What is a Saturated Solution?

An essential part of chemistry lab work is learning to make solutions of various kinds. Chemical substances are used without dilution, very rarely. That necessitates a knowledge of creating solutions of specific concentration, which are measured in terms of their normality or molarity.

Ergo, one needs to have a good grasp of what impact the saturation level of the solution has, on the outcome of a chemical reaction.

A solution is any homogeneous mixture of solids, gases, or liquids in a liquid or a gas. The component of the solution, which is larger in quantity is known as the solvent, while other components are known as solutes.

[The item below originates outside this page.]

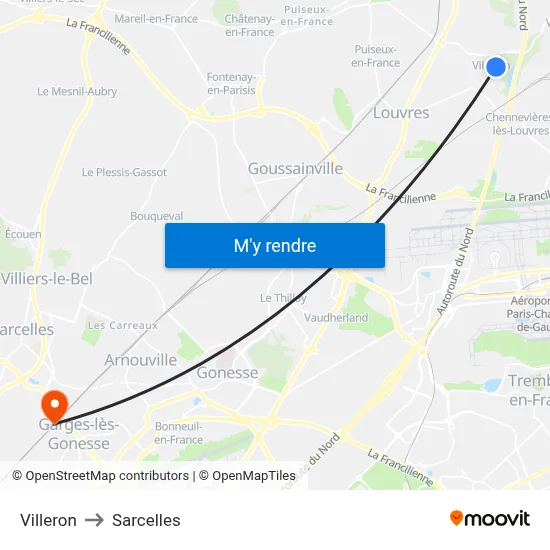 Villeron to Sarcelles map
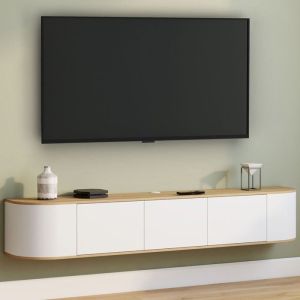 Mueble tv suspendido moderno - madera/blanco - 180 cm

The saturation level of any solution is decided by the amount of solute that can be completely dissolved in it, without disturbing its homogeneous nature.

In simple words, it decides how much of a solute can be accumulated into the solvent through dissolution, without any of it precipitating. A saturated solution is one in which no more solute may dissolve. It has simply no more room to dissolve any more of it.

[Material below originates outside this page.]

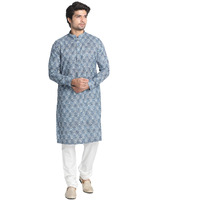 Manyavar Printed Knee Long Full Sleeves Kurta For Men - (Blue,Xx- Large)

Till the saturation point is reached, it is an unsaturated solution. Examples are a solution of potassium iodide or potassium chloride, which cannot dissolve any more of either salts. It is a fact of observation, that polar solvents tend to easily dissolve polar solutes and organic solvents are better at dissolving organic compounds.

The saturation point of any solution depends on the nature of the chemical species that are a part of it. It has also been observed, that the same quantity of solvent will dissolve varying amounts of solute, at different temperatures. At high temperatures, polar solvents are known to dissolve more amount of solutes.

This is because of the higher energy supplied in the form of heat, which increases the vibration energy of the molecules, creating more space for dissolution. A saturated solution is created when one needs a crystallized culture of the solute. It is created and then left to dry, as it precipitates crystals after the solvent evaporates.

It's quite simple. You go on adding more and more solute in a solvent and keep stirring until no more solute can actually dissolve further. Take a glass of water and a container full of common salt. Start adding salt to the glass of water and keep stirring.

As you stir, the salt will dissolve in water until you get a homogeneous solution and the salt crystals are no longer distinguishable. Keep adding salt till you can dissolve no more and the excess salt stops dissolving. When that point is reached, you have a saturated solution. A glass of saline water, in which you can add no more salt, is a good example.

To conclude, this type of solution won't let you dissolve any more solute, as it has no more vacancy within its intermolecular spaces to accommodate more. As discussed before, the ability of a solution to dissolve any solute is a function of temperature and inherent composition of the solute, as well as the solvent.

There is no way that one can learn about the saturation point of a solution, without actually studying the dissolution of the solute through an experiment.